* **Your instructions**
Starting with the line that has "NJ license plate I49IZY" in the records below and ending with the line that has "Medium // Retro", output those lines exactly and nothing more; omit the pictures.

* **Supplied data**
+ + + +

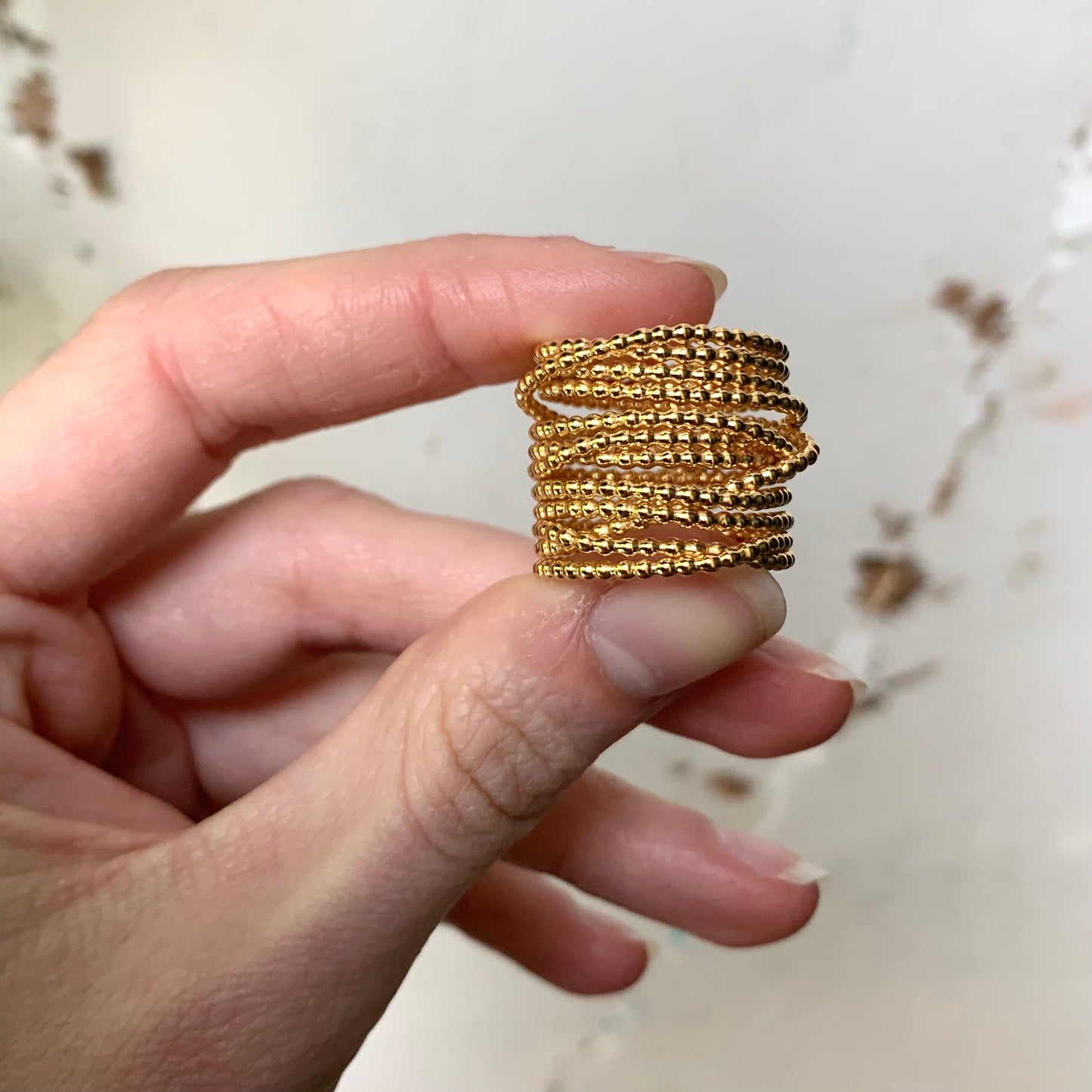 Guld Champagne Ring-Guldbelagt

+ + + +

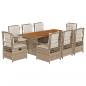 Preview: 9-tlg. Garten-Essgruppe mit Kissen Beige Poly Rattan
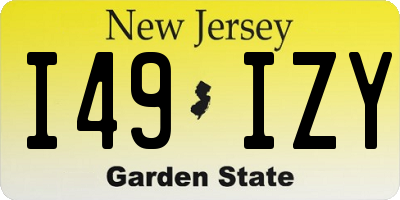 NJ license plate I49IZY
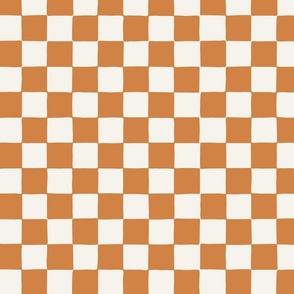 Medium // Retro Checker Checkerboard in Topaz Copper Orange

+ + + +

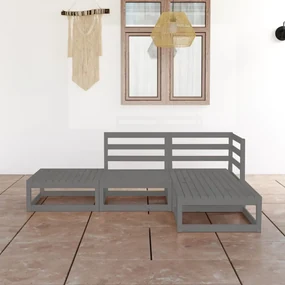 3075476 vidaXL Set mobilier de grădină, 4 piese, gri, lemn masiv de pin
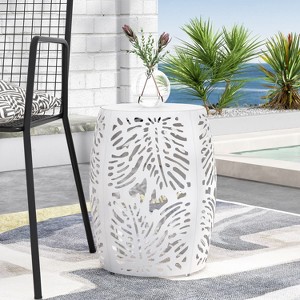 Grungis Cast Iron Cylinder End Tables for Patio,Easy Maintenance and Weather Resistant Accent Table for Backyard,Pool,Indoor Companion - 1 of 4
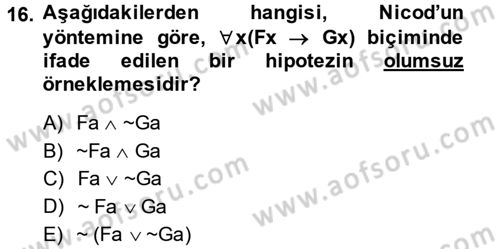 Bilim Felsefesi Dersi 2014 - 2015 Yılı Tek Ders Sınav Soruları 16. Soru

+ + + +

* **The answer**
 NJ license plate I49IZY
 Medium // Retro Checker Checkerboard in Topaz Copper Orange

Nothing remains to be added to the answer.